Aussi son premier soin fut-il de marquer nettement ce qui sépare les académiciens et les pyrrhoniens. Les académiciens sont dogmatistes : tantôt ils affirment sans réserve, tantôt ils nient sans hésiter. Au contraire, il n’arrive jamais aux pyrrhoniens de dire qu’une chose est ou n’est pas vraie : ils n’affirment rien, pas même qu’ils n’affirment rien, et s’ils se servent de cette formule, encore trop affirmative à leur gré, c’est que le langage les y force. En outre, les académiciens sont souvent d’accord avec les stoïciens : ce sont à vrai dire des stoïciens en lutte avec des stoïciens. Ainsi ils font une distinction entre la sagesse et la folie, entre le bien et le mal, entre le vrai et le faux, entre le probable et ce qui ne l’est pas : ils n’ont d’hésitation qu’au sujet de la φαντασία καταληπτική. Rien de semblable chez les pyrrhoniens. Enfin les pyrrhoniens ont encore sur les académiciens cette supériorité qu’ils ne sont pas en contradiction avec eux-mêmes ; car c’est se contredire de soutenir qu’il n’y a rien de certain, et en même temps de faire un choix entre le vrai et le faux, le bien et le mal. Ayant ainsi opposé les deux doctrines, Ænésidème achève son premier livre en donnant le résumé de tout le système[2] pyrrhonien.

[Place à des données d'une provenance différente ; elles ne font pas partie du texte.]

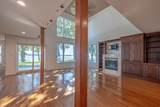 15532 Landings Avenue - Photo 11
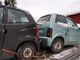 ligier-x-too-kaytetyt-varaosat-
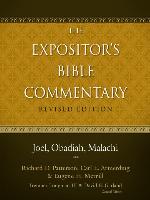 Joel, Obadiah, Malachi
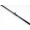Sportex Black Arrow G4  Spin BA2535 (Baitcast) 2,55m //25-119g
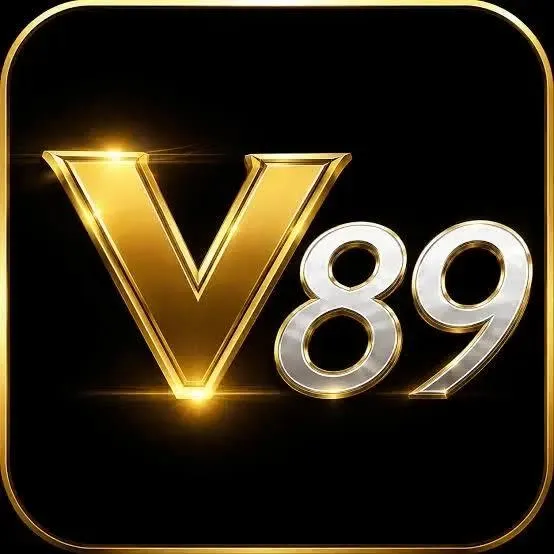 v89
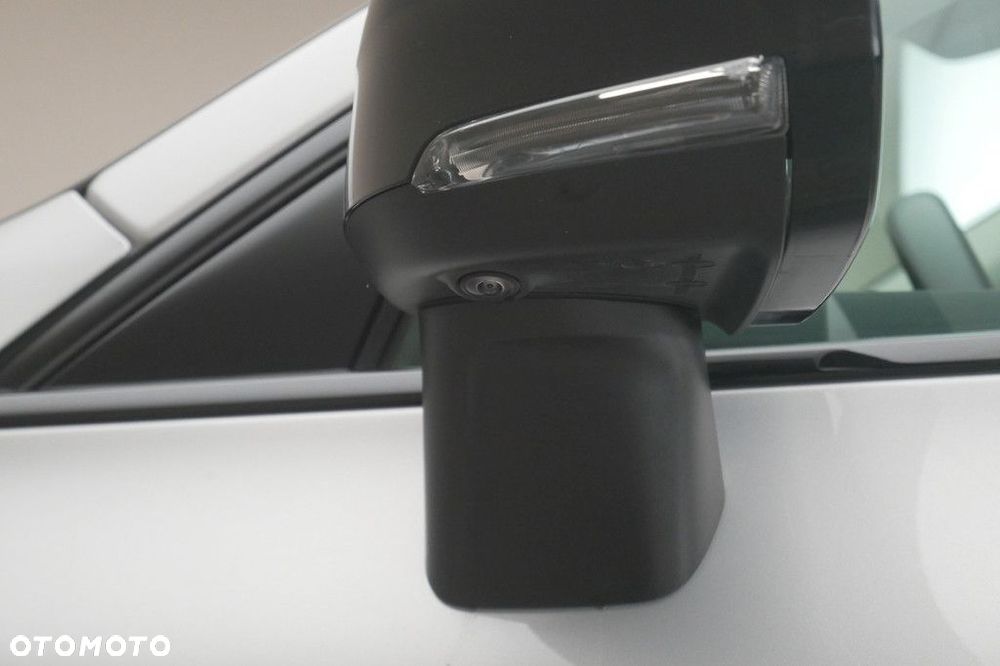 Volvo XC 60 - 20
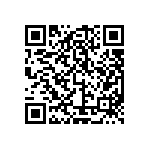 XP3A-4654-0742D-D-S QRCode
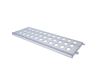 Read more about Dometic RMD8551 Freezer Shelf product image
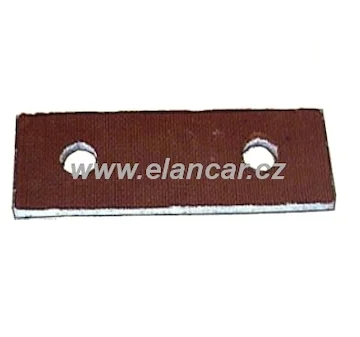 elancar-120260701110230859653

  1. Phot., op. cit. : Οὐδὲν βέβαιον εἰς κατάληψιν, οὔτε δι’ αἰσθήσεως, ἀλλ’ οὔτε μὴν διὰ νοήσεως.
  2. Nous sommes fort embarrassé pour traduire le mot ἀγογὴ dont les pyrrhoniens se servaient, et que Sextus oppose à αἴρεσις (P., I, 16). Les pyrrhoniens refusent de dire qu’ils sont d’une secte, qu’ils ont un système au sens où les dogmatistes emploient ces mots : ils ont seulement des manières de voir, fondées sur l’expérience et la coutume (ἀκολουθοῦμεν γάρ τινι λόγῳ κατὰ τὸ φαινόμενον ὑποδεικνύντι ἡμῖν τὸ ζῆν πρὸς τὰ πάτρια ἔθη καὶ τοὺς νόμους καὶ τὰς ἀγωγὰς καὶ τὰ οἰκεῖα πάθη). Zeller traduit très bien ce mot en allemand par Richtung (op. cit., p. 28, 4). Nous ne trouvons pas d’équivalent en français : force nous est d’employer le mot système, en indiquant toutefois en quel sens particulier il faut l’entendre. Cf. sur ce point Haas, p. 11.